= Roy Holt =

English painter

Roy Holt (1942–2007) was a British contemporary artist specialising in painting.

Born in Surrey and studied at the Royal Academy Schools and later at Goldsmiths College. His work has been exhibited widely in museums and galleries in the UK, Europe, the US and China; has been shown twice at the John Moores biennial and three times at the Young Contemporaries (now called New Contemporaries).

As well as working in his London studio he was also a Principal Lecturer and Reader in Contemporary Fine Art Practice at Liverpool College of Art where he taught for four decades. He was a visiting lecturer at the Royal Academy Schools, the Royal College and on the Fine Art MA at Goldsmiths School of Art.

Holt's formal specialism was colour and he was a passionate disciple of Josef Albers.
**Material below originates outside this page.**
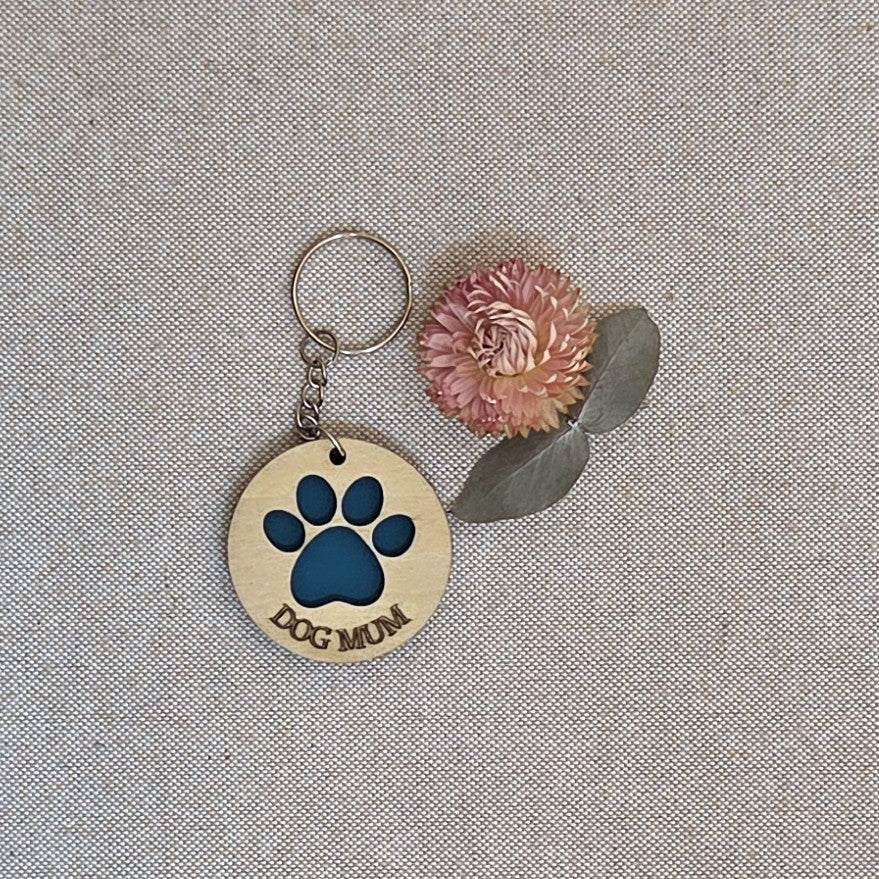 DOG MUM - Handcrafted Timber Keyrings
His broader interest which informed his artwork and teaching, was based on the notion of 'Art as Folly'. His art works are mainly wall–based installations often reflecting DIY culture which he saw as a rich source reflecting some of the latent desires and hopes in society.

He considered art objects as 'Objects of Speculation' in which he saw the role of the viewer as pivotal, challenging our rationalism (and insecurities) thus allowing us to speculate on a more wonderful universe.

In addition to his art practice he also wrote many critical texts, including 'Verbs Posing as Nouns' in 'Sigmar Polke: Back to Postmodernity' published by Tate Liverpool and Liverpool University Press.

He was also an original member of the Liverpool Art School band Deaf School in the mid 1970s, playing his much loved instrument, the banjo.